-- EXERCISE INSTRUCTIONS --
From the listing below, please restate exactly the lines beginning at the one with "startech-cable-de-audio-estereo-minijack-mm-35mm-acodado-03cm" and ending at the one with "Screenshot #3 pour", both included, and skip the pictures.

-- DATA TO EXAMINE --

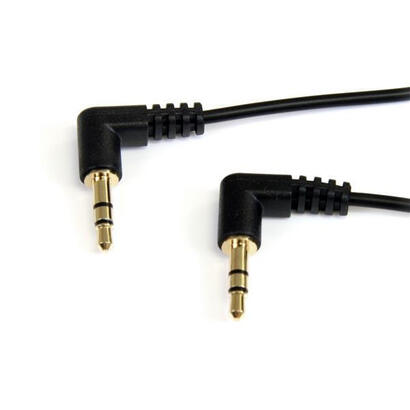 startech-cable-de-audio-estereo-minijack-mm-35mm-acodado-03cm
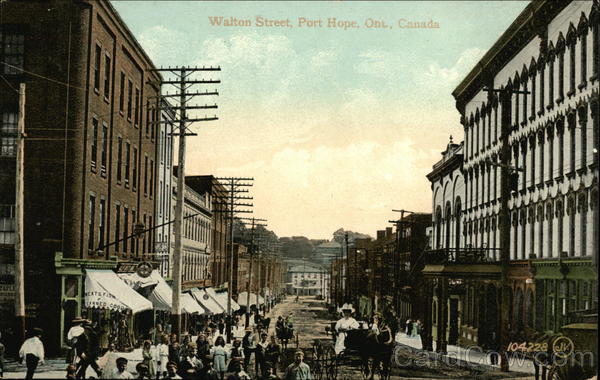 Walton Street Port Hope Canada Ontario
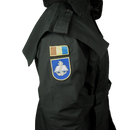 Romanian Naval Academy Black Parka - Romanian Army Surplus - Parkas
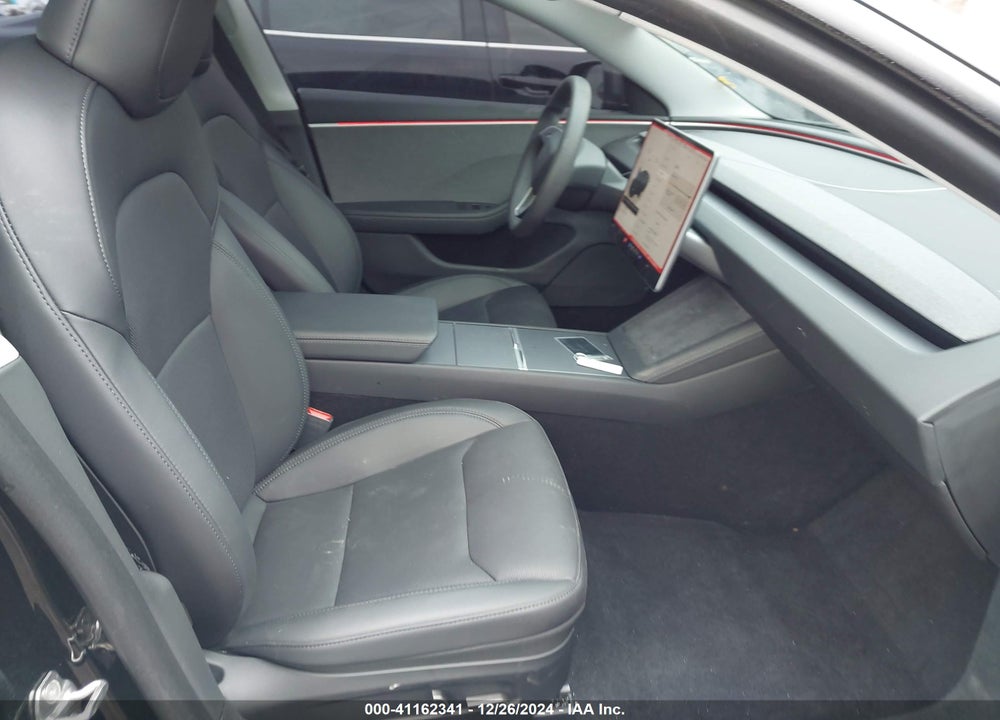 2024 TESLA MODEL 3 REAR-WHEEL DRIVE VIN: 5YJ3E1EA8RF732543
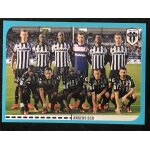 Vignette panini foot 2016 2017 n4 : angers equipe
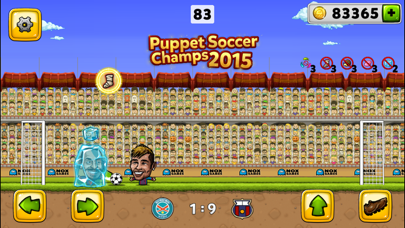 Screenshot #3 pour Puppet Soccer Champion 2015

==

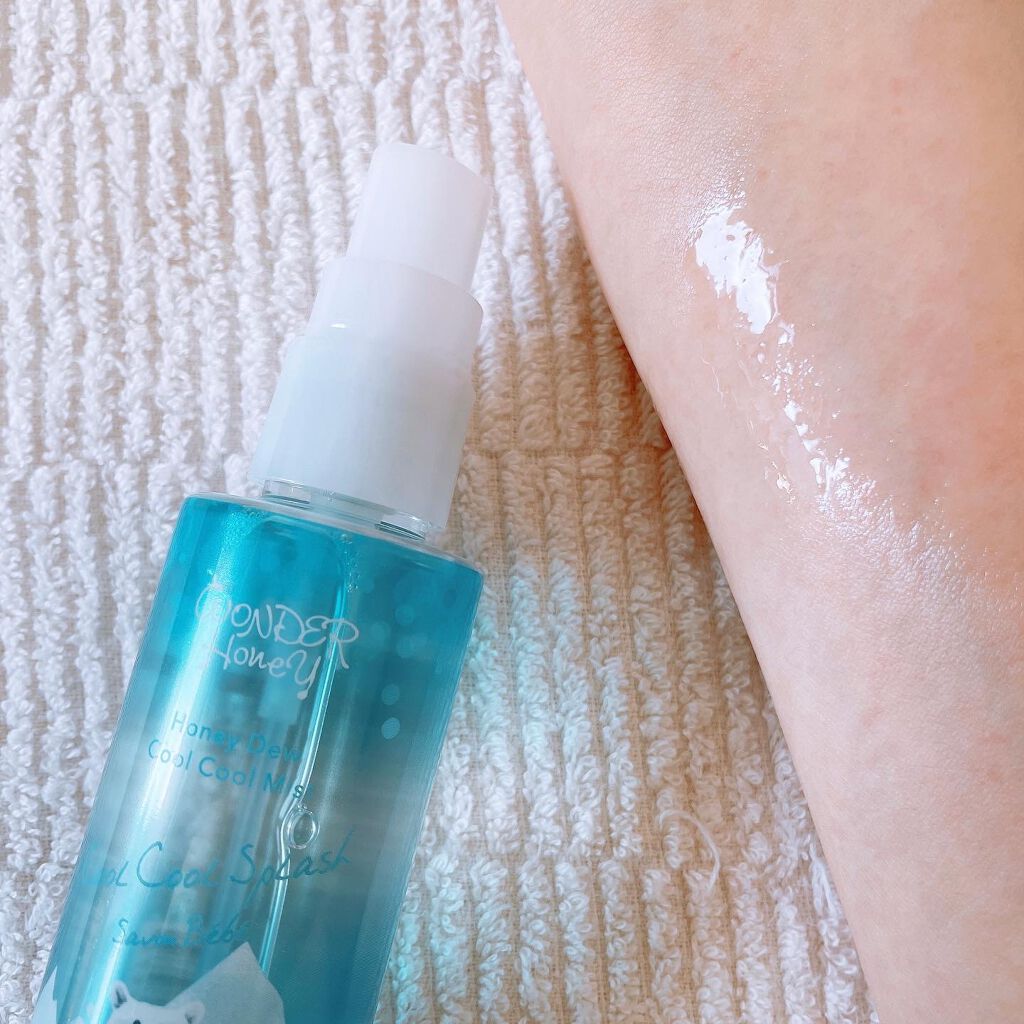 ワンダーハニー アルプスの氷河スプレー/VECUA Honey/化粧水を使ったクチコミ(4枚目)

--

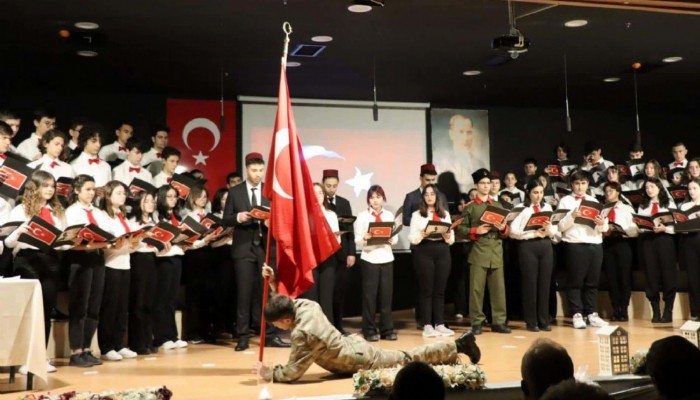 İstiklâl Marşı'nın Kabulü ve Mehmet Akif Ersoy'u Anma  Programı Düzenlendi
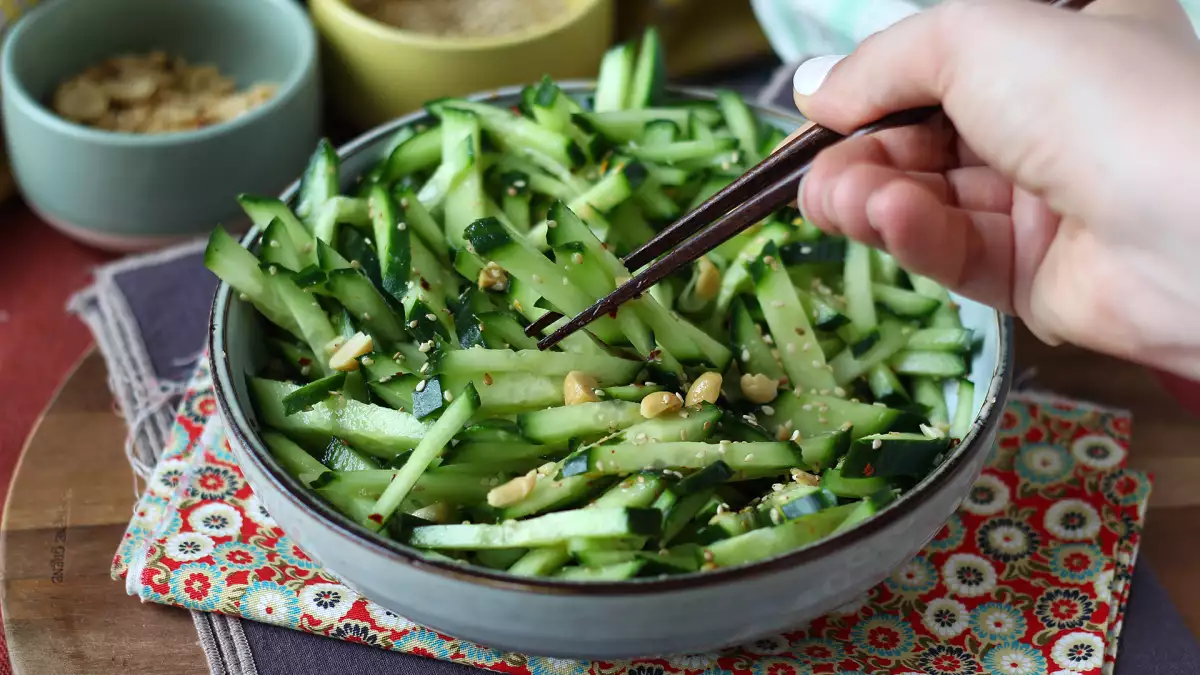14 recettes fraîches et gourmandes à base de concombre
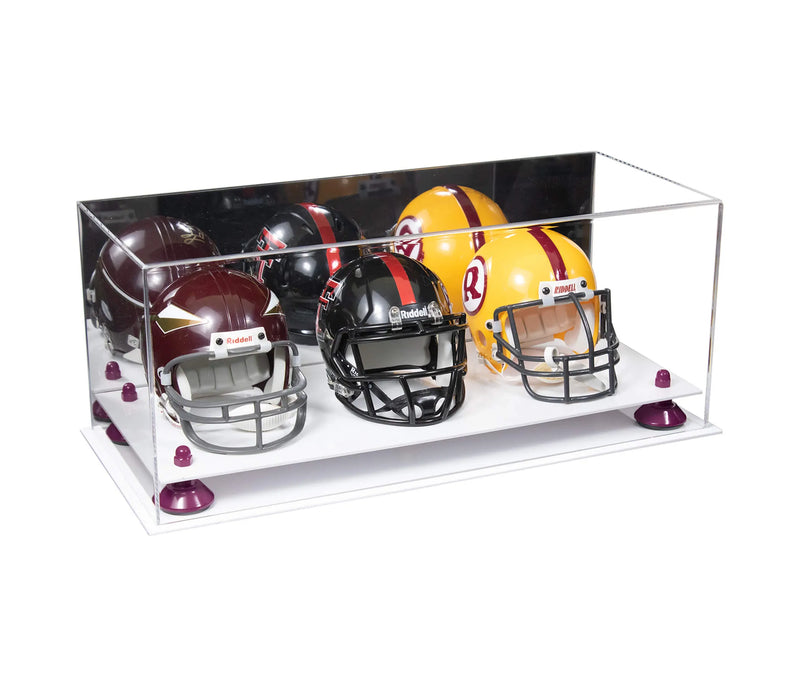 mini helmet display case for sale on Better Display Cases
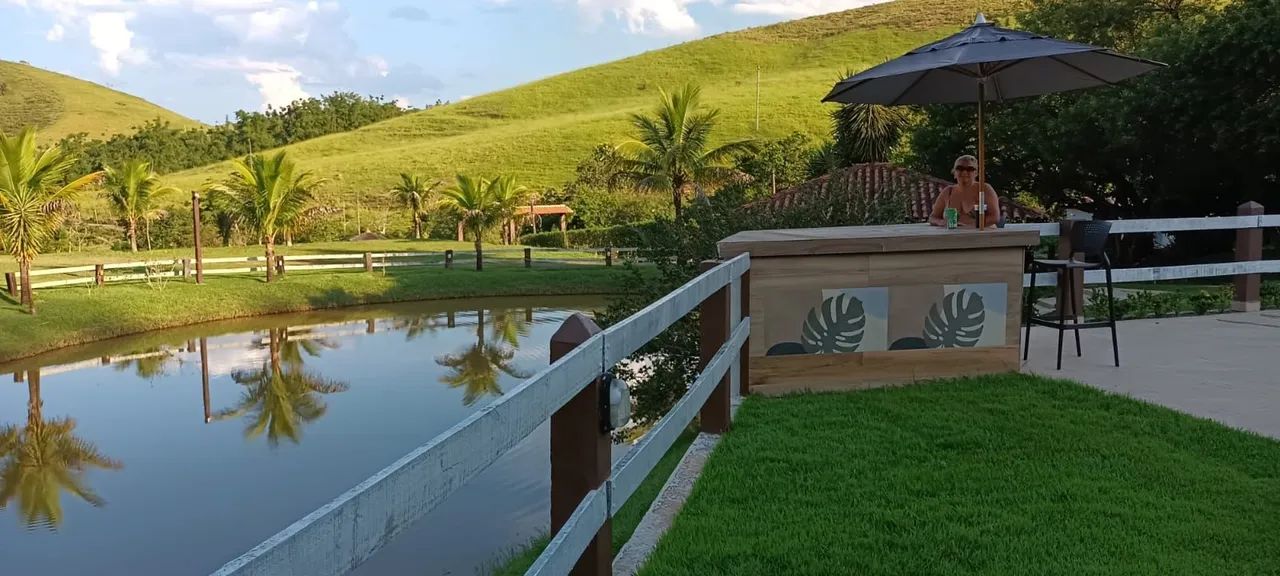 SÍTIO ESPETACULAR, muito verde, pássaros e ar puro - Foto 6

-- RESULT OF THIS TASK --
 startech-cable-de-audio-estereo-minijack-mm-35mm-acodado-03cm
 Walton Street Port Hope Canada Ontario
 Romanian Naval Academy Black Parka - Romanian Army Surplus - Parkas
 2024 TESLA MODEL 3 REAR-WHEEL DRIVE VIN: 5YJ3E1EA8RF732543
 Vignette panini foot 2016 2017 n4 : angers equipe
 Screenshot #3 pour Puppet Soccer Champion 2015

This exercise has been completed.